Departmental Ridesharing "How to" Guide
The feasibility of departmental ridesharing is subject to much of the same kinds of departmental lore that tend to afflict many new initiatives. As a core premise it should be stated clearly and unequivocally that there are no rules, procedures, policies, guidelines, regulations, statues or other form of restrictions which prevent GC entities from adopting departmental ridesharing. The relative lack of these services is due solely to force of habit and their relative novelty as a service. This does not in turn make further adoption a clear-cut case as changing processes takes time and patience, however with transformation occurring ever more rapidly and ridehailing having been commonplace in most jurisdictions for over a decade, the case for departmental ridesharing offerings is a strong one.
Deploying Departmental Ridesharing in your organization!
With it widely known that a growing number of departments are adopting departmental ridesharing, much of the inertial resistance to departmental ridesharing is dissipating with the understanding that it is an improvement has been already been de-risked elsewhere. For those with lingering concerns, pilot programs can be a successful gambit for getting a foot in the door without taking on a prohibitive amount of risk. A pilot with a pre-defined user group will limit risk even more while also helping to give departmental finance teams the opportunity to get accustomed to the new interface and capabilities that come with a departmental ridesharing system. With the increasing data richness that comes with departmental ridesharing, it is possible to clearly evaluate the results of the pilot and compare against control groups.
Successful pilots will continue to expand the authorized user group until ultimately all the individuals in the department are authorized to use ride sharing, should they choose to do so. For those with ongoing concerns after a first pilot, it can help to suggest that new users be selected through a snowballing process or are to be included on request. Calls for the user group to solely composed of managers should be resisted because it limits the diversity of the user group and potential trip types captured in a pilot, making the data less useful for a future evaluation and decision. Wherever possible, user groups and pilots should be designed to include all those who are likely to use local transportation services.
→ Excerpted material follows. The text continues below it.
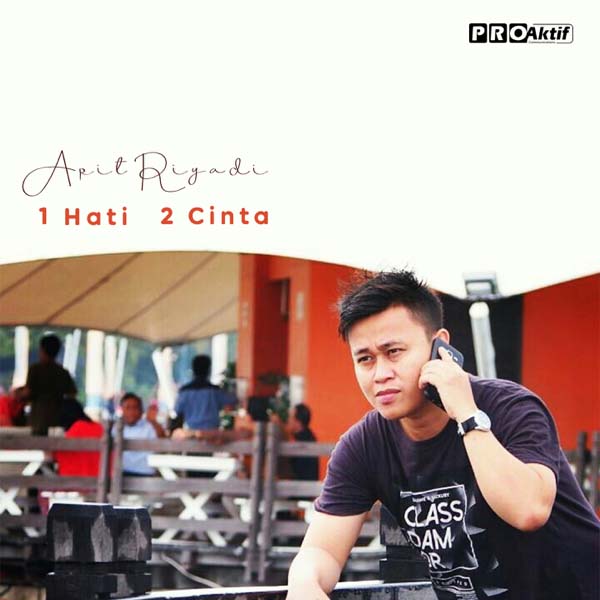 Download Lagu Apit Riyadi - 1 Hati 2 Cinta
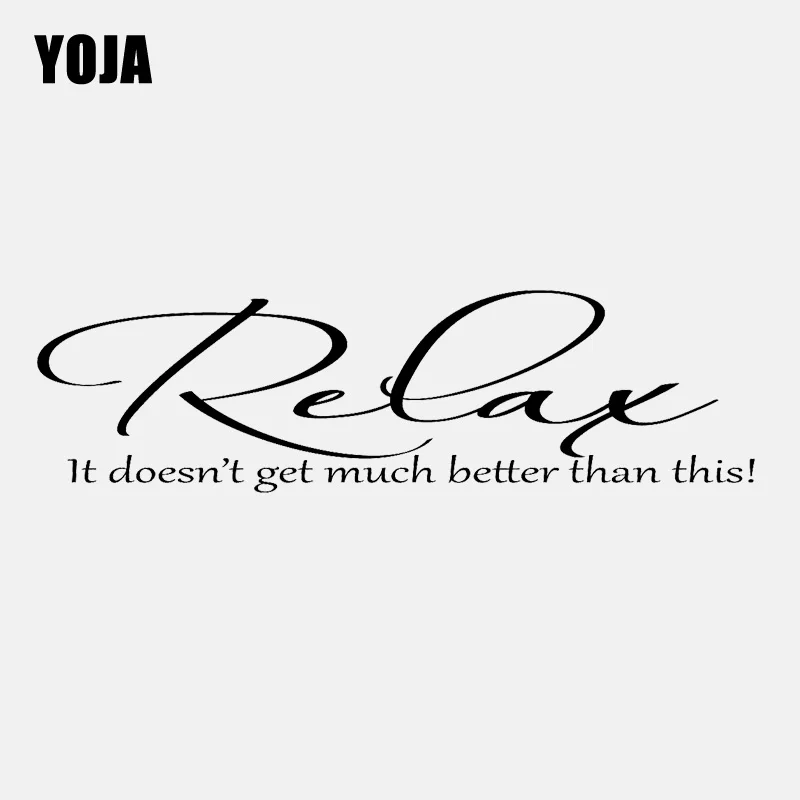 

YOJA 92CM*26.5CM Relax it's doesn't get much beeter this Quote PVC Wall Stickers For Bedroom W1-126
Successful deployments to date have been marked with several key criteria:
1) High level policy cover: often, although not necessarily from the departmental CIO. In successful cases, policy cover has come from CIOs, ADMs and DGs with an appetite for experimentation and improvement.
2) Early Adopters: Departmental ridesharing need a group of early adoptors that are comfortable with ridesharing (or willing to learn!) and are willing to take the time to help others learn and test the system.
3) Support from Finance: The group whose work will be most directly effected by departmental ridesharing is corporate finance and so it is important to speak with these individuals early on. Finance also has the most to benefit.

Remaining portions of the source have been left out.